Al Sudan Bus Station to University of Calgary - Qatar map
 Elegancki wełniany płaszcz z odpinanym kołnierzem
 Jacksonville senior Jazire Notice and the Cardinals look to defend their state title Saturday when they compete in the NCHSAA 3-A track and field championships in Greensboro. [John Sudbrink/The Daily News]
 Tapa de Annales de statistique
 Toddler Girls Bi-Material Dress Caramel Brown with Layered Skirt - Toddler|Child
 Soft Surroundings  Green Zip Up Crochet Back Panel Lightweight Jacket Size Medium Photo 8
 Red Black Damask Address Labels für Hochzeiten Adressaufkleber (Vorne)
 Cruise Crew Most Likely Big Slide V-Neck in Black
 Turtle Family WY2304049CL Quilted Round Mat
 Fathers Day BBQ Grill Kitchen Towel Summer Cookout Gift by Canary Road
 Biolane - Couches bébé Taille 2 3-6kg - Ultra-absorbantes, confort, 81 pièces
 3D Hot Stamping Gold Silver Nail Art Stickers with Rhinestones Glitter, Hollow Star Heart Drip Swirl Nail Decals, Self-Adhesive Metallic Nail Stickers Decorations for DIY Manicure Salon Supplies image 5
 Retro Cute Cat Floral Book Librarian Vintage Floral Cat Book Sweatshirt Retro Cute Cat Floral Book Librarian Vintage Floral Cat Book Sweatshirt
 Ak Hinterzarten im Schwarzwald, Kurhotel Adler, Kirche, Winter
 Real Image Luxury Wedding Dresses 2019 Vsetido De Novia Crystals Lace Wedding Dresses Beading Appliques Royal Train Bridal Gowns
----------
» Try it
Would you reproduce the full listing shown above, word for word?

» Result of this exercise
Al Sudan Bus Station to University of Calgary - Qatar map
 Elegancki wełniany płaszcz z odpinanym kołnierzem
 Jacksonville senior Jazire Notice and the Cardinals look to defend their state title Saturday when they compete in the NCHSAA 3-A track and field championships in Greensboro. [John Sudbrink/The Daily News]
 Tapa de Annales de statistique
 Toddler Girls Bi-Material Dress Caramel Brown with Layered Skirt - Toddler|Child
 Soft Surroundings  Green Zip Up Crochet Back Panel Lightweight Jacket Size Medium Photo 8
 Red Black Damask Address Labels für Hochzeiten Adressaufkleber (Vorne)
 Cruise Crew Most Likely Big Slide V-Neck in Black
 Turtle Family WY2304049CL Quilted Round Mat
 Fathers Day BBQ Grill Kitchen Towel Summer Cookout Gift by Canary Road
 Biolane - Couches bébé Taille 2 3-6kg - Ultra-absorbantes, confort, 81 pièces
 3D Hot Stamping Gold Silver Nail Art Stickers with Rhinestones Glitter, Hollow Star Heart Drip Swirl Nail Decals, Self-Adhesive Metallic Nail Stickers Decorations for DIY Manicure Salon Supplies image 5
 Retro Cute Cat Floral Book Librarian Vintage Floral Cat Book Sweatshirt Retro Cute Cat Floral Book Librarian Vintage Floral Cat Book Sweatshirt
 Ak Hinterzarten im Schwarzwald, Kurhotel Adler, Kirche, Winter
 Real Image Luxury Wedding Dresses 2019 Vsetido De Novia Crystals Lace Wedding Dresses Beading Appliques Royal Train Bridal Gowns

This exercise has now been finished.